Se hizo un largo silencio.

Fue Ben Gurión el primero en romperlo.

—Profesor, ¿cree que será posible probar la existencia de Dios?

—No, no lo creo, señor primer ministro. No es posible probar la existencia de Dios, de la misma manera que no es posible probar su no existencia. Sólo tenemos la capacidad de sentir lo misterioso, de experimentar la sensación de deslumbramiento por el maravilloso plan que se expresa en el universo.

Se hizo una nueva pausa.

—¿Y por qué no intenta probar la existencia o inexistencia de Dios?

—No me parece que sea posible, ya se lo he dicho.

—Si fuese posible, ¿cuál sería el camino?

Silencio.

Le correspondió entonces a Einstein hablar un buen rato. El viejo científico giró la cabeza y contempló el verde paisaje que bordeaba Mercer Street; lo contempló con ojos de sabio, con ojos de chico, con los ojos de quien tiene todo el tiempo del mundo y no ha perdido el don de maravillarse ante la exuberancia de la naturaleza en su encuentro con la primavera.

Respiró hondo.

Raffiniert ist der Herrgott, aber boshaft ist er nicht —dijo por fin.

Ben Gurión lo miró con una expresión intrigada.

Was wollen Sie damit sagen?

Die Natur verbirgt ihr Geheimnis durch die Erhabenheit ihres Wessens, aber nicht durch List.

Frank Bellamy asestó un puñetazo en el alféizar de la ventana.

Damn! —exclamó—. ¡Ahora se han puesto a hablar en alemán!

—¿Qué están diciendo? —preguntó Bob.

—¡Qué sé yo! ¿Me ves cara de Kraut?

Bob parecía desconcertado.

—¿Qué hago? ¿Sigo grabando?

—Claro. Después llevamos la cinta a la Agencia y algún fucking genio nos lo traducirá. —Esbozó una mueca de desprecio—. Con todos los nazis que tenemos allí ahora, no resultará tan difícil, ¿no?
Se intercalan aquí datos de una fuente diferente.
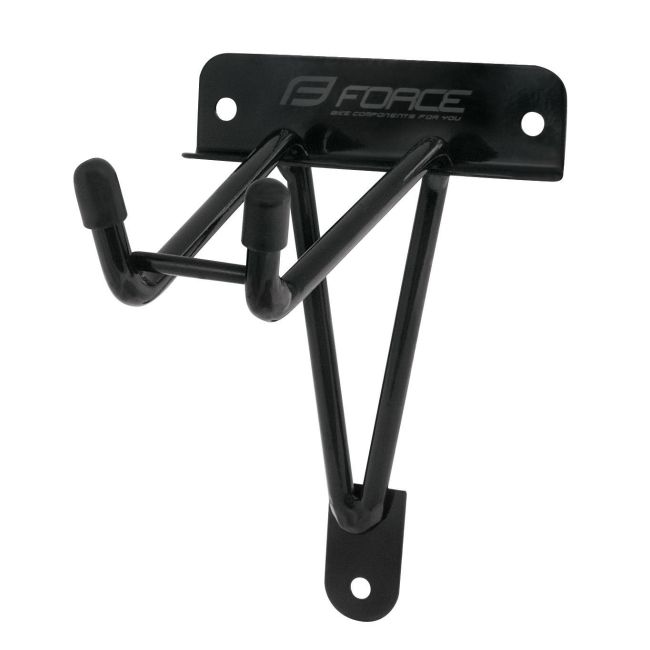 Force - Suport pentru biciclete Force ECO, tip carlig pe perete cu prindere de pedala - negru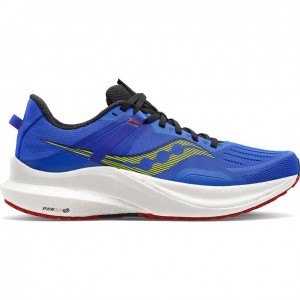 Blue Saucony Tempus Men's Running Shoes | USA QHNTPX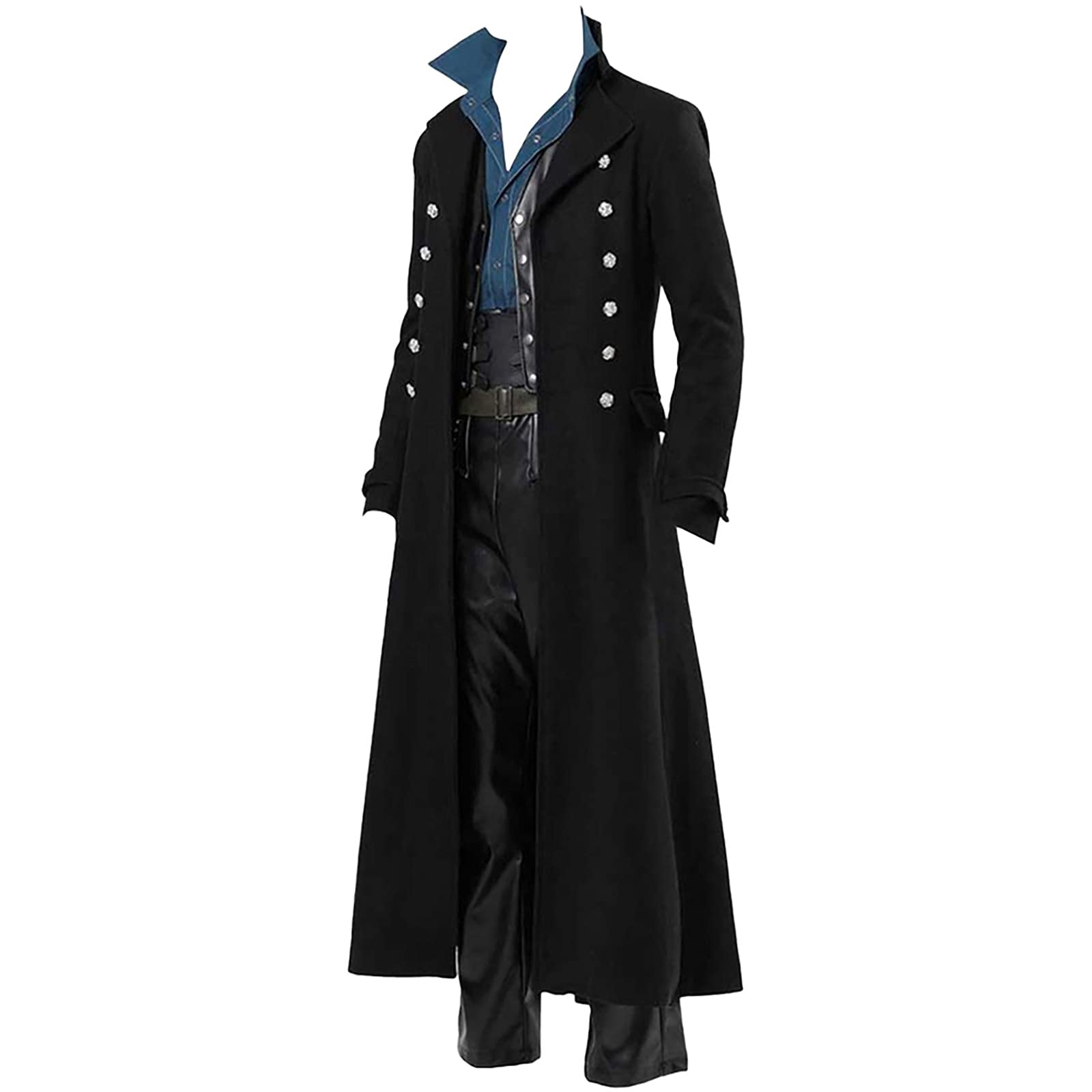 Veste Steampunk Homme Vintage Tailcoat Manteau Médiéval Vestes Victorienne Manteau Renaissance Veste Costume en Queue De Pie Longue Steampunk Uniforme Cosplay Tailcoat Costume Médiéval d'halloween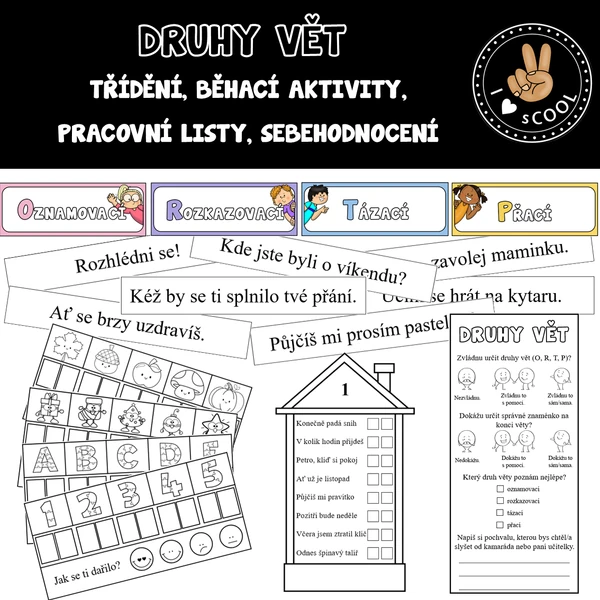 Druhy vět - soubor aktivit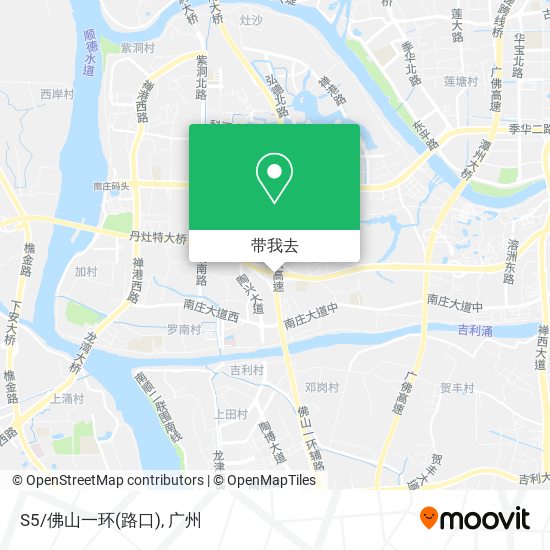 S5/佛山一环(路口)地图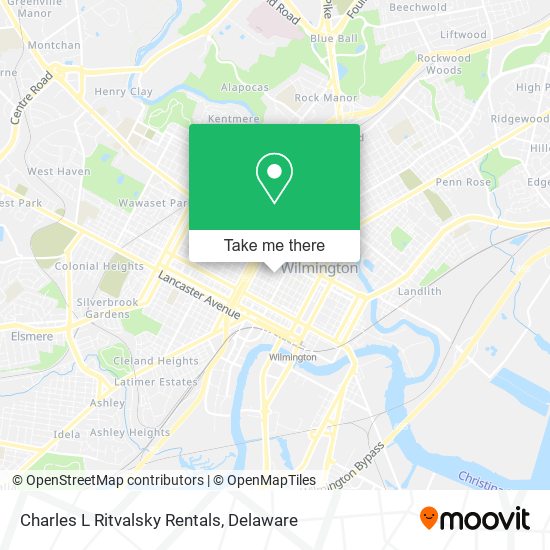 Mapa de Charles L Ritvalsky Rentals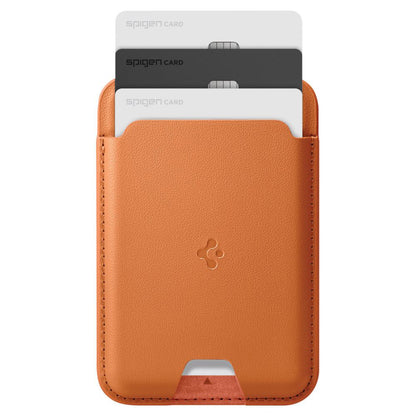Portefeuille MagSafe, Spigen, Valentinus MagFit, Orange AFA11339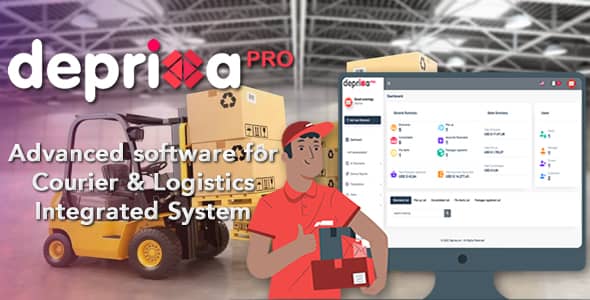 Deprixa Pro v7.5.3 Nulled – Courier & Logistics Integrated System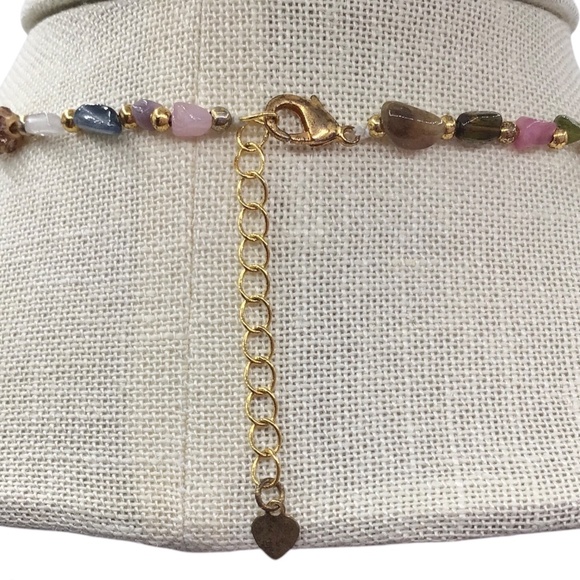 Handmade Druzy Gemstone Necklace – Sparkling Crystal Pendant, Boho Jewelry Gift - Picture 12 of 15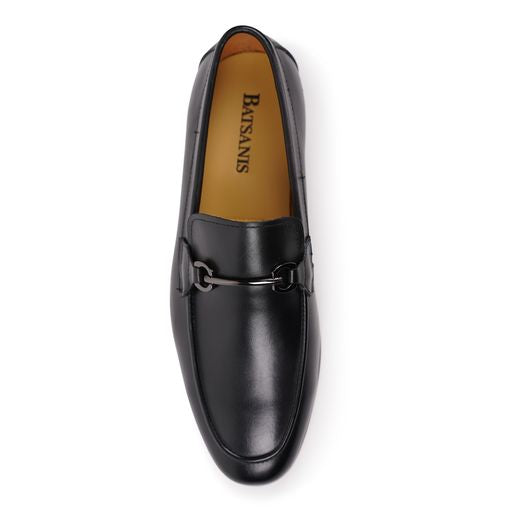 Ethan Black Calf Loafers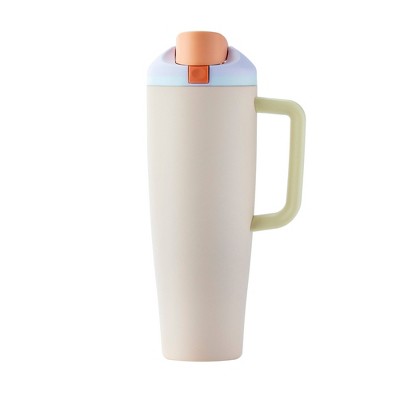 Owala 40oz FreeSip Stainless Steel Tumbler - Sandy Shores: Insulated, BPA-Free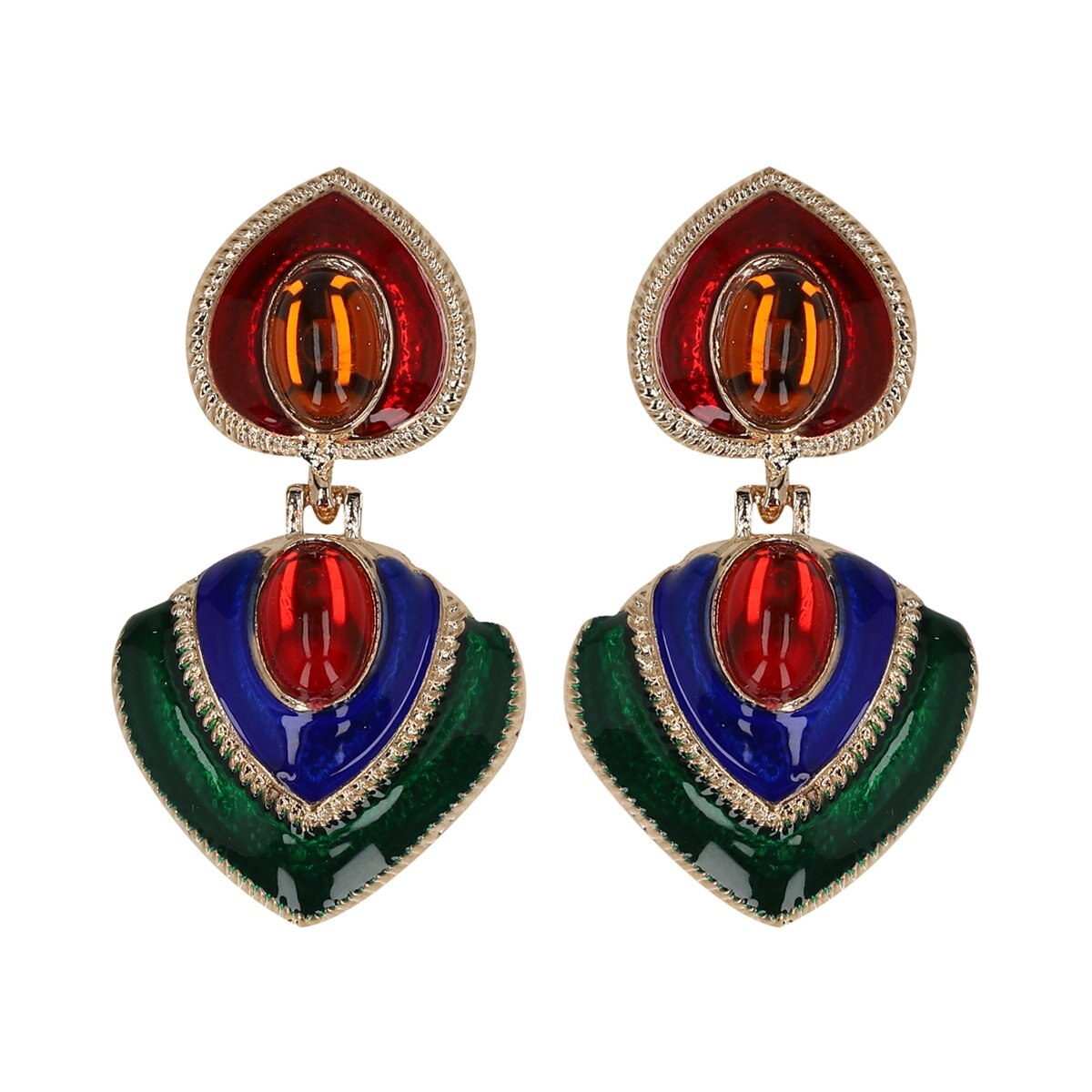 Arete Triángulos Engarzado Multi Aktuales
El agente apoyó la nariz en la ventana y allí se quedó, mientras el vapor de la respiración creaba vahos húmedos en el cristal, con los ojos perdidos en los dos viejos que conversaban al otro lado de la calle, como dos hermanos, uno junto al otro, sentados en las sillas del jardín del número de Mercer Street.